A few years ago, I got my first iPhone. With that came a monthly subscription to pay for the provider. Being a teenager with not a lot of money, I wanted a way to know when my phone bill was renewing to ensure I have enough money to pay for it. While developing the app, I realized that active users of the internet, most likely have a lot of subscriptions and they have no idea how much money they are spending on a monthly, weekly or yearly basis. This inspired me to create Outflow, an app to manage the complexity of recurring subscriptions.

What it does

Outflow is an iOS app that helps manage everything from your phone bill, your Netflix subscription or the payment to the dog walker every Tuesday. Outflow's primary goal is to keep you informed on where your money is going. To do this, I made it easy to view all your subscriptions, and how much you are paying for each subscription. Also, the app calculates your spending on a monthly, weekly and yearly basis to give you an idea of how much you are spending. With this information, Outflow can notify you before the subscription renews, to give you the opportunity to cancel it. Currently, it relies on manual data entry to create each subscription within the app. However, I have implemented a way to scan your Gmail inbox and receive suggestions on what subscriptions to add. Outflow also has a few more convenient features such as the ability to convert the price of a subscription to your home currency, and a today extension to show what subscription is renewing next.

How I built it

Outflow is built using Swift. It leverages some of the neat features of the language such as enums and protocol extensions to keep the codebase simple and easy to understand. The app also uses Firebase to get all the companies that are available to select within the app, as well as a microservice created using Node.Js to get the expiration date of a domain name.

Challenges I ran into

After releasing the first version of Outflow, the ability to automate the subscription finding process quickly became my number one requested feature. This feature was challenging because I did not know where to start and there weren't many resources available to understand the subject. After weighing the advantages and consequences, I decided to allow a user to authenticate to their email and then query their email to find subscriptions. Authenticating to their email became the most challenging part of the feature because all the libraries that have created convenience wrappers for these emails do not support 2-factor authentication and I was not prepared to alienate everyone who had it enabled. Also, there is a lack of documentation regarding this subject online, which made it a challenging problem to solve. After addressing all the authentication issues, I built an algorithm to find the subscriptions from the emails. I decided on a pattern matching algorithm that will decrease or increase the probability of any given email being a subscription based on various data points. Ultimately this helped distinguish subscriptions from regular email and eliminate false positives.

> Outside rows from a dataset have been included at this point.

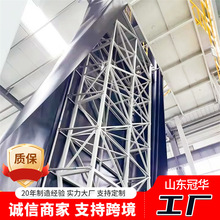 厂家定制出售土工膜吹膜机组土工膜加工设备多层共挤土工膜吹膜机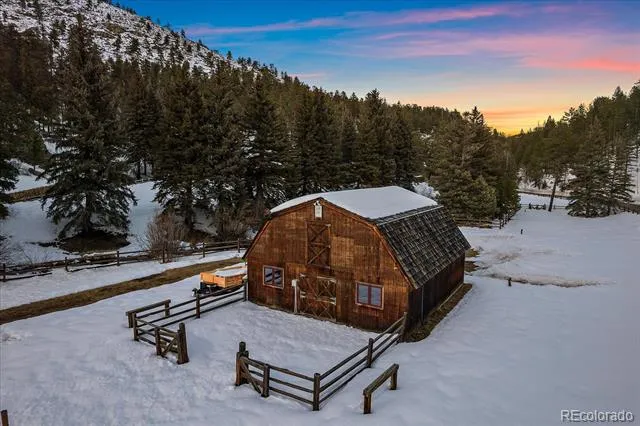 32453 Upper Bear Creek Road Evergreen, CO 80439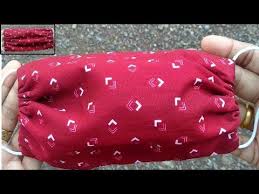Pin Di Face Mask Crochet Sew It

Accomplishments that I'm proud of

Since launching the latest update for Outflow, it has been well received. It has been featured on Product Hunt and received over 1.3k upvotes, as well being featured on Mac Stories. I am proud that something I created can help people better understand their finances.

What I learned

Since Outflow was my first major programming project, it allowed me to gain experience with launching a product from start to finish. This includes designing, implementing and then marketing a product. While creating Outflow, I also learned the importance of programming paradigms, because it allows you to keep your codebase modular and extensible. Finally, while creating Outflow, I developed my ability to solve problems without much guidance or resources which I believe was the most significant learning experience throughout the entire process.

What's next for Outflow

In the future, I plan on implementing more user requested features such as iCloud Sync and the ability to group subscriptions.